-------- Supplied information --------
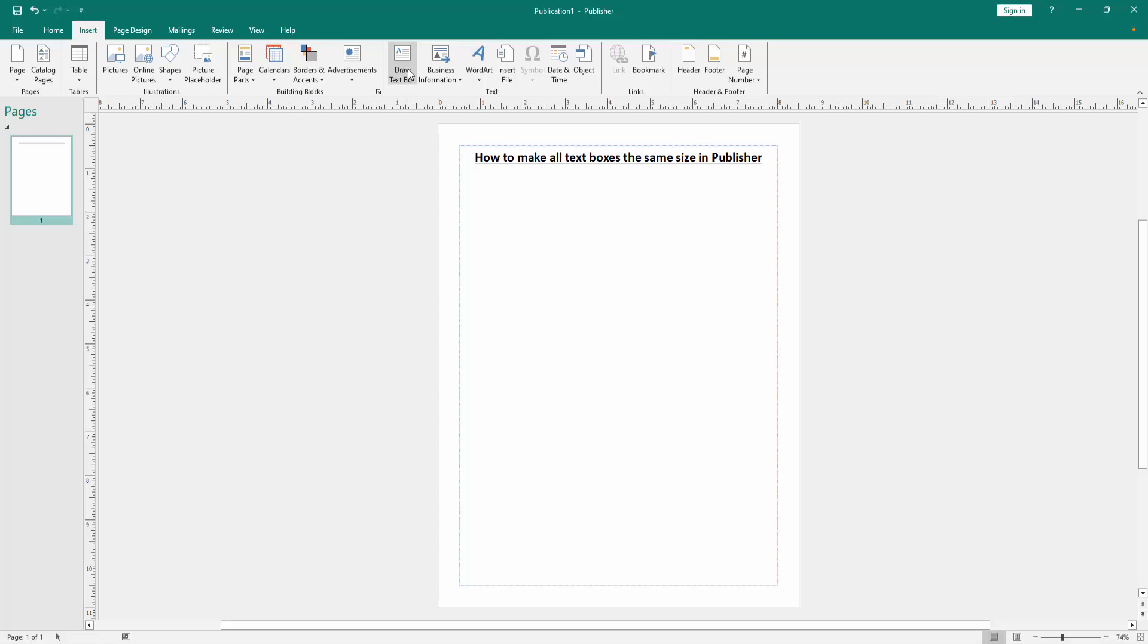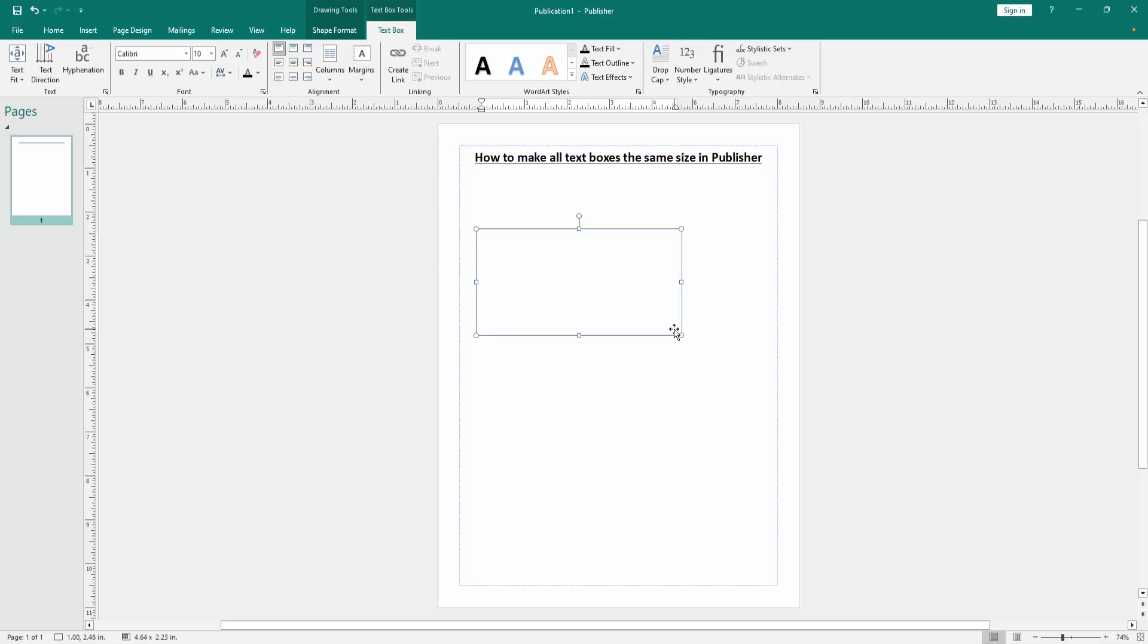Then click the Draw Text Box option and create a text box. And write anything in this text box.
--------
-------- Supplied information --------
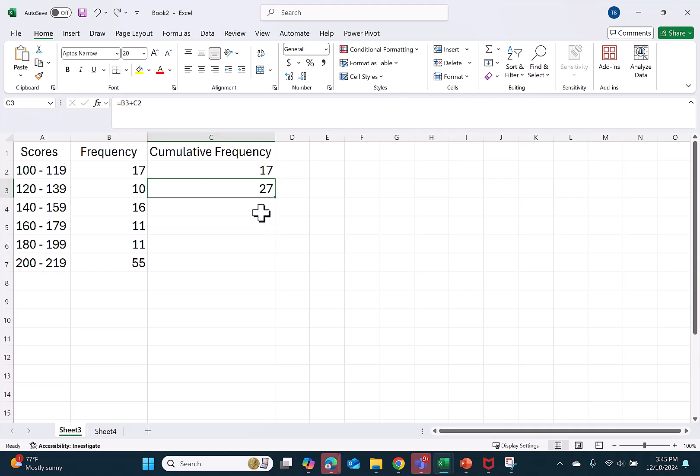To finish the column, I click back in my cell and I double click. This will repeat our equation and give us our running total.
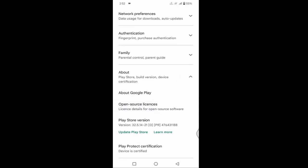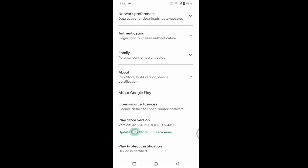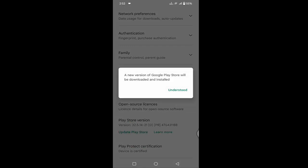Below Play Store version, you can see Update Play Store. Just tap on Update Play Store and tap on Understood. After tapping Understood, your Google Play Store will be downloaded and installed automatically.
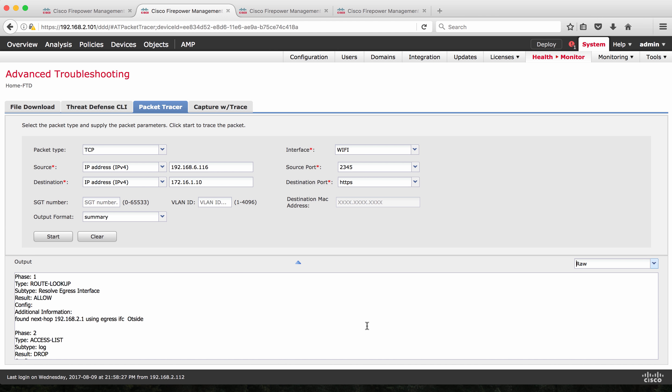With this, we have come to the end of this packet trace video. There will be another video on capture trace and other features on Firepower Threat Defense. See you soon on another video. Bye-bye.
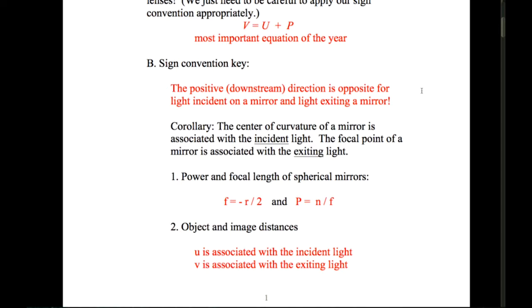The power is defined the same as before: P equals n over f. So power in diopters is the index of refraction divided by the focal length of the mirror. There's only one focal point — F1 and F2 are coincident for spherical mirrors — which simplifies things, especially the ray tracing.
--------
Required action → Work from the entries above. Set down exactly and only the lines from the line with "Below Play Store" to the line with "With this, we", both included, and leave the pictures out.

Final answer →
Below Play Store version, you can see Update Play Store. Just tap on Update Play Store and tap on Understood. After tapping Understood, your Google Play Store will be downloaded and installed automatically.
With this, we have come to the end of this packet trace video. There will be another video on capture trace and other features on Firepower Threat Defense. See you soon on another video. Bye-bye.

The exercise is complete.